WORK INSTRUCTION: Every line below between the one holding "Elder Herb Shrub" and the one holding "단풍,maple,plant", inclusive, should be copied exactly, and no other line.

Scraped caption text data:
========================

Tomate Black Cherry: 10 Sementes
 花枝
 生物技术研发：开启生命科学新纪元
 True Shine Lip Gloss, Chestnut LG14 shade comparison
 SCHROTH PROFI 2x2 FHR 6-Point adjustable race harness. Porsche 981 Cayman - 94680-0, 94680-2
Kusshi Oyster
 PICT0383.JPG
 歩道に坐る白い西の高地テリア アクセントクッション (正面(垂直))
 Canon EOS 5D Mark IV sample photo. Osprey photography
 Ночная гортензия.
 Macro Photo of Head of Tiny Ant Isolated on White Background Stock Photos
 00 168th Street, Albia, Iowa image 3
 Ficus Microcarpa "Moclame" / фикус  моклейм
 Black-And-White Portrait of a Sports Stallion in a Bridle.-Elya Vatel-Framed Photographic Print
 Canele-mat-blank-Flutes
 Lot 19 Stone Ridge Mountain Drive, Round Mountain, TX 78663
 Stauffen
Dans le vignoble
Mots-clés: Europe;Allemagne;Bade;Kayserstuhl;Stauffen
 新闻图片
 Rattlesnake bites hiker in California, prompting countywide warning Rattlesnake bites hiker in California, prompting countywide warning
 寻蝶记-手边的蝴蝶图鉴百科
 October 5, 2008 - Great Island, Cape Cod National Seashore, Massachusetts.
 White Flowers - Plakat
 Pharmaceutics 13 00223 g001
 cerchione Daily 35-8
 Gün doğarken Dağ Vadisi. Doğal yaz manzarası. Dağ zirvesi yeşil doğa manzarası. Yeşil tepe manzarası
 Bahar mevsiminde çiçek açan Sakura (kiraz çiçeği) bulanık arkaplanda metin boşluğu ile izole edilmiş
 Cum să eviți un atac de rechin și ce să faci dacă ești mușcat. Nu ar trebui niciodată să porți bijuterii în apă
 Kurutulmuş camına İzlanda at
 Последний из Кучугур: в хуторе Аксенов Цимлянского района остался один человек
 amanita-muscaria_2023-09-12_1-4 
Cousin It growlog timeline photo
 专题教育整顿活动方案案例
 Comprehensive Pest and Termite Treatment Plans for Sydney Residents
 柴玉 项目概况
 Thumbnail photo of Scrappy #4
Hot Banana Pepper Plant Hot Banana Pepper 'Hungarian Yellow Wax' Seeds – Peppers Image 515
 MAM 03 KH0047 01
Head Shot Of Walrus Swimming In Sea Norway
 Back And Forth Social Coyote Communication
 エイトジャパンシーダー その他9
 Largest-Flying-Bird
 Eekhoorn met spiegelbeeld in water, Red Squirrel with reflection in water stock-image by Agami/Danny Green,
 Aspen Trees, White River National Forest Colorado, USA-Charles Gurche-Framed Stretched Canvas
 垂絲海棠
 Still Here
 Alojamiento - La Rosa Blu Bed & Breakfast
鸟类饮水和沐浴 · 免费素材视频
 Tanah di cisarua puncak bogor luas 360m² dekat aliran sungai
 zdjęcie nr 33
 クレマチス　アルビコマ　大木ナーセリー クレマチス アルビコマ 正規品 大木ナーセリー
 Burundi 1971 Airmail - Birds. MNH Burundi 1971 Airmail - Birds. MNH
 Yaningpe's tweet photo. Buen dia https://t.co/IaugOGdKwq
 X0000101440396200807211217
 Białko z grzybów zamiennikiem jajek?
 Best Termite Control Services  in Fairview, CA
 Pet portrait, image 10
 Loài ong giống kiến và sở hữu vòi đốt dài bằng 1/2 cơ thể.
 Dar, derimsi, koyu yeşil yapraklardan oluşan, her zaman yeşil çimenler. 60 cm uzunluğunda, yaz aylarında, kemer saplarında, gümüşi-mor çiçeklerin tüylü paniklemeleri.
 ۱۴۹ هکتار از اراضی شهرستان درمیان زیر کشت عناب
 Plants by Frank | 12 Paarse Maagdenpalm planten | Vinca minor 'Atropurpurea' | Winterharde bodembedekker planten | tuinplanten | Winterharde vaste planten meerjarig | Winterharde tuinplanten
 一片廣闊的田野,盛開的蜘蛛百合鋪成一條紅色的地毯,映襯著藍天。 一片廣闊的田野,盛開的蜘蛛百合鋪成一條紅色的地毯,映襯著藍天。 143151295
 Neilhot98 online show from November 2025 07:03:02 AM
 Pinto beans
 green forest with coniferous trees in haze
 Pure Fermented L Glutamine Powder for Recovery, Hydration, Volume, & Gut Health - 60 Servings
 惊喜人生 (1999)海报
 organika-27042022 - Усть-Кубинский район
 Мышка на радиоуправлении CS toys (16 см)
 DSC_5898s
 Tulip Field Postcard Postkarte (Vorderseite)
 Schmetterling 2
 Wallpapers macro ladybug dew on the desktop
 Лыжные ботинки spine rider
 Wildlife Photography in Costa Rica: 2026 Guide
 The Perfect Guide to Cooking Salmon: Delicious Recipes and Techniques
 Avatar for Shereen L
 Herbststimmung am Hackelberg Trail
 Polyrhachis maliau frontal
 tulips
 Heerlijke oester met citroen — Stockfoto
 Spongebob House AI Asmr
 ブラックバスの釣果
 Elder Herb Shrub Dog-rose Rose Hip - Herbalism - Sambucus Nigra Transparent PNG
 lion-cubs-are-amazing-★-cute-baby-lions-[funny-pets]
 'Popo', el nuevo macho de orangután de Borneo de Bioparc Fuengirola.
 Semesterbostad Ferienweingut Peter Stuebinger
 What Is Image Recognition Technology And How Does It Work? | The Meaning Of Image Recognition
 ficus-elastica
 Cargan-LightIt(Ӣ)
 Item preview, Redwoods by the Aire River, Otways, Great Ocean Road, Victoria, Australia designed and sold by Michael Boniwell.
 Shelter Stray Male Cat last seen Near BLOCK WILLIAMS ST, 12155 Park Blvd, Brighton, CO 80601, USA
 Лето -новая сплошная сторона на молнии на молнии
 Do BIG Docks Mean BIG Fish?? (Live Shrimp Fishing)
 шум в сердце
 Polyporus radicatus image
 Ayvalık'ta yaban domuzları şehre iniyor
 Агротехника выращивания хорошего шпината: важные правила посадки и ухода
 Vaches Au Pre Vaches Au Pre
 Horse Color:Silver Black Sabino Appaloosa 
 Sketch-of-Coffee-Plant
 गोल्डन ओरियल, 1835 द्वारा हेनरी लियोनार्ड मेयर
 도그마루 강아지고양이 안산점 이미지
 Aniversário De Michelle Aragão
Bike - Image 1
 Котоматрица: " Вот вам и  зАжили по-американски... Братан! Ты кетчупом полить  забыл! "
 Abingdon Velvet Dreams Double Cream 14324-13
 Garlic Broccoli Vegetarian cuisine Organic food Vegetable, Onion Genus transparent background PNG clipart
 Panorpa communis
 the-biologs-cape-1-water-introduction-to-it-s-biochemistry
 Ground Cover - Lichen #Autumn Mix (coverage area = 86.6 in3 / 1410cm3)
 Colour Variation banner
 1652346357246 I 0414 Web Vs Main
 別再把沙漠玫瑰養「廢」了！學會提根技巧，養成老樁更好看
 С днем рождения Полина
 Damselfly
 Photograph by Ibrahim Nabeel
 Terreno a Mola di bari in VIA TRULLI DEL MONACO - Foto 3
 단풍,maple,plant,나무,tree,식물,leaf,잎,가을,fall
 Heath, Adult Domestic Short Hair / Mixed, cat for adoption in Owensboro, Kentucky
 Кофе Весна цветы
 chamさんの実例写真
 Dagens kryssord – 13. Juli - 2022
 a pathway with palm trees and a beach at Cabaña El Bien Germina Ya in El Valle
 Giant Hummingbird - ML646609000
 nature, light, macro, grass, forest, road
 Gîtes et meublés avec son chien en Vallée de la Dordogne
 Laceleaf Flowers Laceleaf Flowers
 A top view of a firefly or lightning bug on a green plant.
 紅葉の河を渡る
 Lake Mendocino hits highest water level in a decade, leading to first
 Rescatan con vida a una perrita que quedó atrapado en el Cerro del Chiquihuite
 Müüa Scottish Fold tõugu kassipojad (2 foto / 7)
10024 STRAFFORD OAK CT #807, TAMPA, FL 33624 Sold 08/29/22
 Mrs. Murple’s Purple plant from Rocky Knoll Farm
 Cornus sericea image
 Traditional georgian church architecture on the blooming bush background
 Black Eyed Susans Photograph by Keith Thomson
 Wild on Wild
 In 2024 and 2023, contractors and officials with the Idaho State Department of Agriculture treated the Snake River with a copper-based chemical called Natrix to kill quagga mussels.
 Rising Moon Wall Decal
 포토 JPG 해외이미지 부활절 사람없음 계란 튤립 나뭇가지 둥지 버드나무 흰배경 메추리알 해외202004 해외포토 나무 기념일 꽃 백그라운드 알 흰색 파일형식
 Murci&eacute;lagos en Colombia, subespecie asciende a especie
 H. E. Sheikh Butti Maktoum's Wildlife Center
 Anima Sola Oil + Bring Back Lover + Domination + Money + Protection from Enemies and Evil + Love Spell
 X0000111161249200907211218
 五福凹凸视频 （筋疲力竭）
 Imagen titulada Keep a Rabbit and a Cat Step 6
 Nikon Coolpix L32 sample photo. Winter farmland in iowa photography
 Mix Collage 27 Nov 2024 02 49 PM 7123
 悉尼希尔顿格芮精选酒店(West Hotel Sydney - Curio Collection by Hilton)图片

========================

ANSWER TO THIS TASK:
 Elder Herb Shrub Dog-rose Rose Hip - Herbalism - Sambucus Nigra Transparent PNG
 lion-cubs-are-amazing-★-cute-baby-lions-[funny-pets]
 'Popo', el nuevo macho de orangután de Borneo de Bioparc Fuengirola.
 Semesterbostad Ferienweingut Peter Stuebinger
 What Is Image Recognition Technology And How Does It Work? | The Meaning Of Image Recognition
 ficus-elastica
 Cargan-LightIt(Ӣ)
 Item preview, Redwoods by the Aire River, Otways, Great Ocean Road, Victoria, Australia designed and sold by Michael Boniwell.
 Shelter Stray Male Cat last seen Near BLOCK WILLIAMS ST, 12155 Park Blvd, Brighton, CO 80601, USA
 Лето -новая сплошная сторона на молнии на молнии
 Do BIG Docks Mean BIG Fish?? (Live Shrimp Fishing)
 шум в сердце
 Polyporus radicatus image
 Ayvalık'ta yaban domuzları şehre iniyor
 Агротехника выращивания хорошего шпината: важные правила посадки и ухода
 Vaches Au Pre Vaches Au Pre
 Horse Color:Silver Black Sabino Appaloosa 
 Sketch-of-Coffee-Plant
 गोल्डन ओरियल, 1835 द्वारा हेनरी लियोनार्ड मेयर
 도그마루 강아지고양이 안산점 이미지
 Aniversário De Michelle Aragão
Bike - Image 1
 Котоматрица: " Вот вам и  зАжили по-американски... Братан! Ты кетчупом полить  забыл! "
 Abingdon Velvet Dreams Double Cream 14324-13
 Garlic Broccoli Vegetarian cuisine Organic food Vegetable, Onion Genus transparent background PNG clipart
 Panorpa communis
 the-biologs-cape-1-water-introduction-to-it-s-biochemistry
 Ground Cover - Lichen #Autumn Mix (coverage area = 86.6 in3 / 1410cm3)
 Colour Variation banner
 1652346357246 I 0414 Web Vs Main
 別再把沙漠玫瑰養「廢」了！學會提根技巧，養成老樁更好看
 С днем рождения Полина
 Damselfly
 Photograph by Ibrahim Nabeel
 Terreno a Mola di bari in VIA TRULLI DEL MONACO - Foto 3
 단풍,maple,plant,나무,tree,식물,leaf,잎,가을,fall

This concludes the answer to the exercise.